Josie stared after her sister for a moment, then just shook her head. Apparently, sometimes truth really was stranger than fiction. Then she went in search of a shower.
Chapter 6
The day at the zoo passed quickly enough. Josie and Jack were heroes to her frazzled siblings, who’d welcomed the break from their spawn, and heroes to the kids, who’d run their aunt and “uncle” ragged.

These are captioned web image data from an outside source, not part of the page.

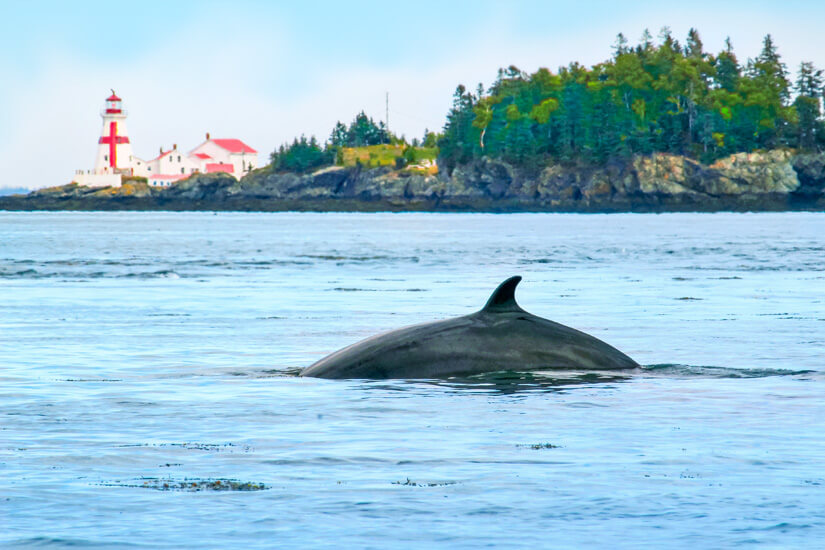 New Brunswick Whale Watching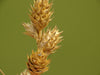 Plains Oval Sedge (Carex brevoir)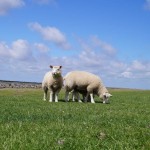 Wort zur Woche vom 13.04.2015 – Der gute Hirte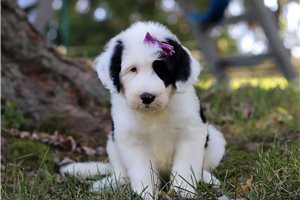 Denise - Sheepadoodle for sale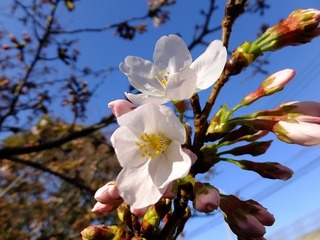 DSCF3345.jpg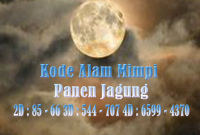 Kode Alam Mimpi Panen Jagung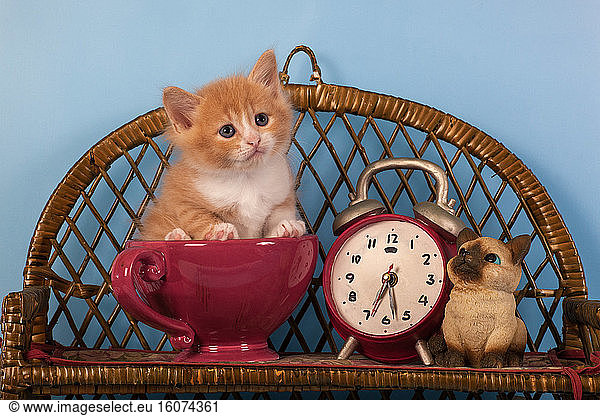 Orange and white kitten sitting in bowl by alarm clock in studio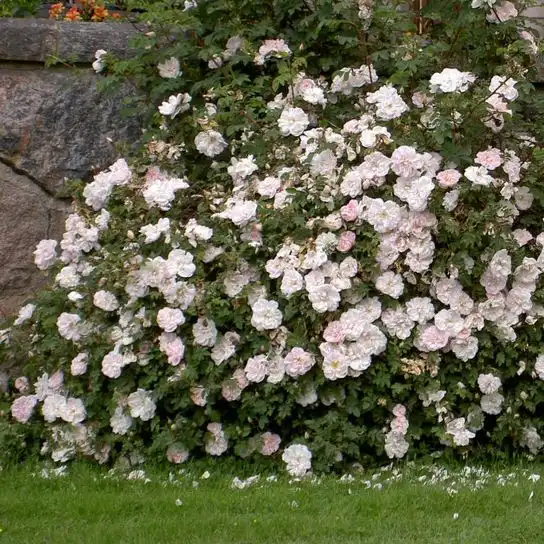 Alb cu tentă roz pal - trandafir perpetual hibrid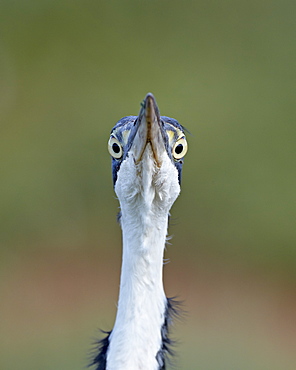 Black-headed heron (Ardea melanocephala), Addo Elephant National Park, South Africa, Africa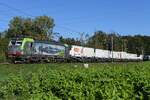 2025-10-07.BLS-RailCare.Vufflens-la-Ville
Locomotive électrique siemens Vectron 
Re 475 430 louer à RailCare 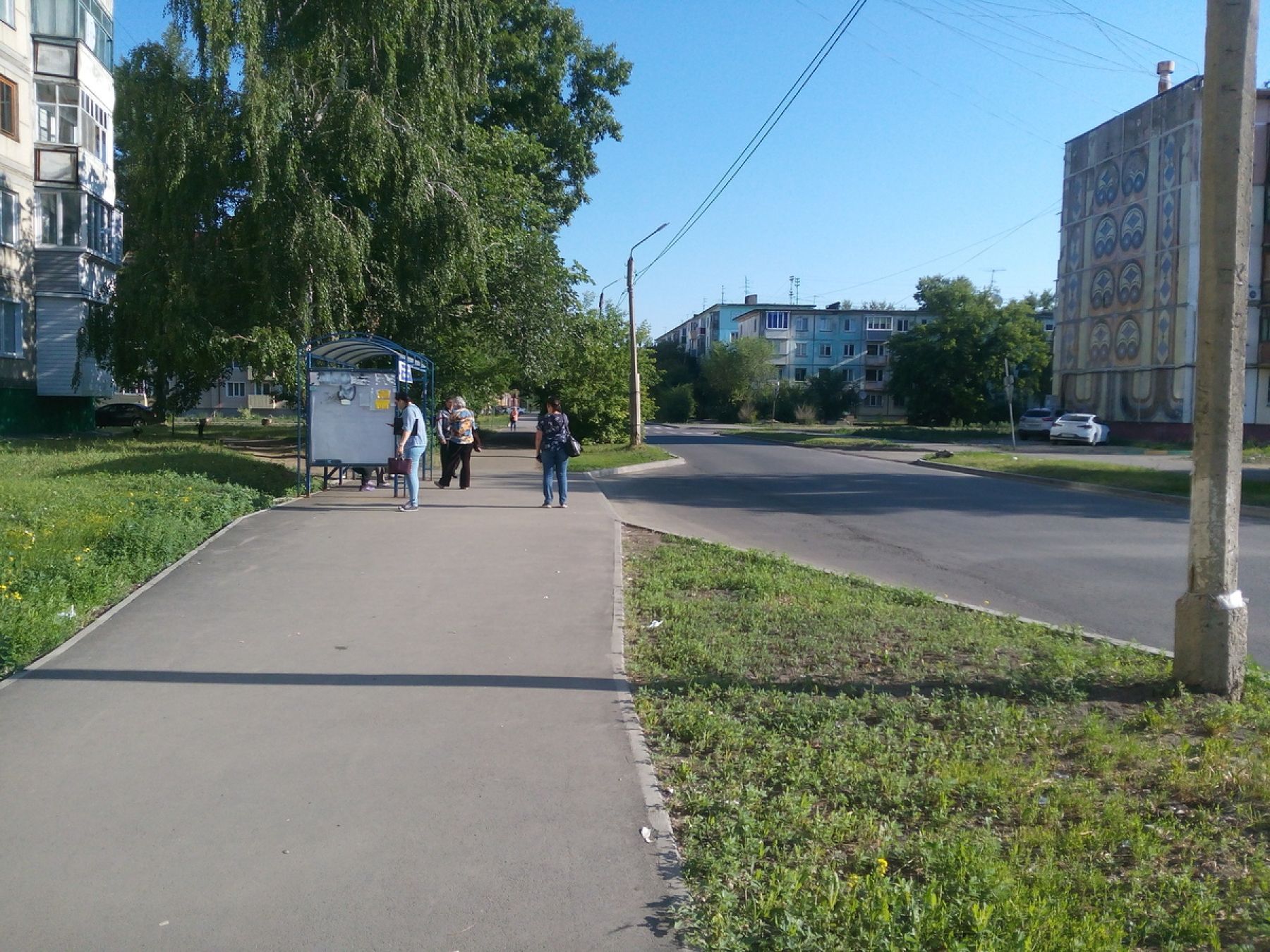 Из кустов: жители района Треста рискуют здоровьем, чтобы попасть в автобус 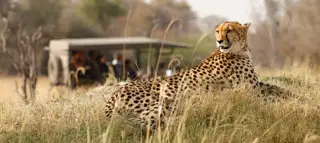 Big Cats Cheetah Safari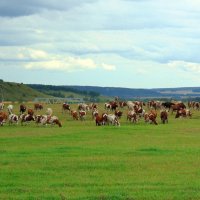 Постараль . :: nadyasilyuk Вознюк Постараль . :: nadyasilyuk Вознюк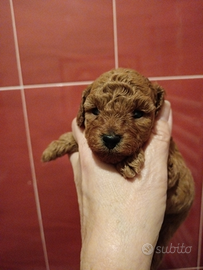 Barboncino minitoy red maschietto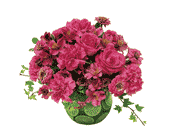 Hot Pink with Limes, picture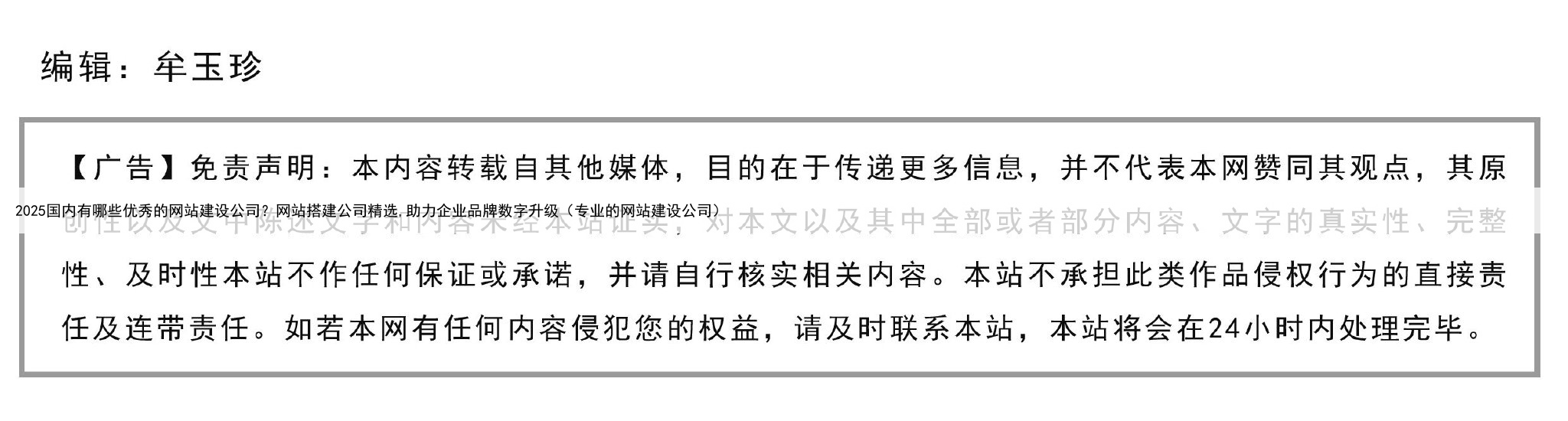 2025国内有哪些优秀的网站建设公司？网站搭建公司精选,助力企业品牌数字升级（专业的网站建设公司）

When they finally brought the children in the house, little Sam snuggled asleep on Jack’s shoulder, everything had already been prepared for the first Seder.
The house had been full yesterday, but with more friends and family invited for the special Passover dinner, it was now bursting. Three leaves had been put into the table that had been Ava’s grandmother’s. A folding table, made fancy with a white cloth and drapes over the chairs had been set up for the overflow, and the kids had their own small table off to the side.
Everything gleamed and glittered. Flowers gave the tables a festive air. Josie breathed in the delicious scents of good home cooking—matzo ball soup, roast turkey, brisket.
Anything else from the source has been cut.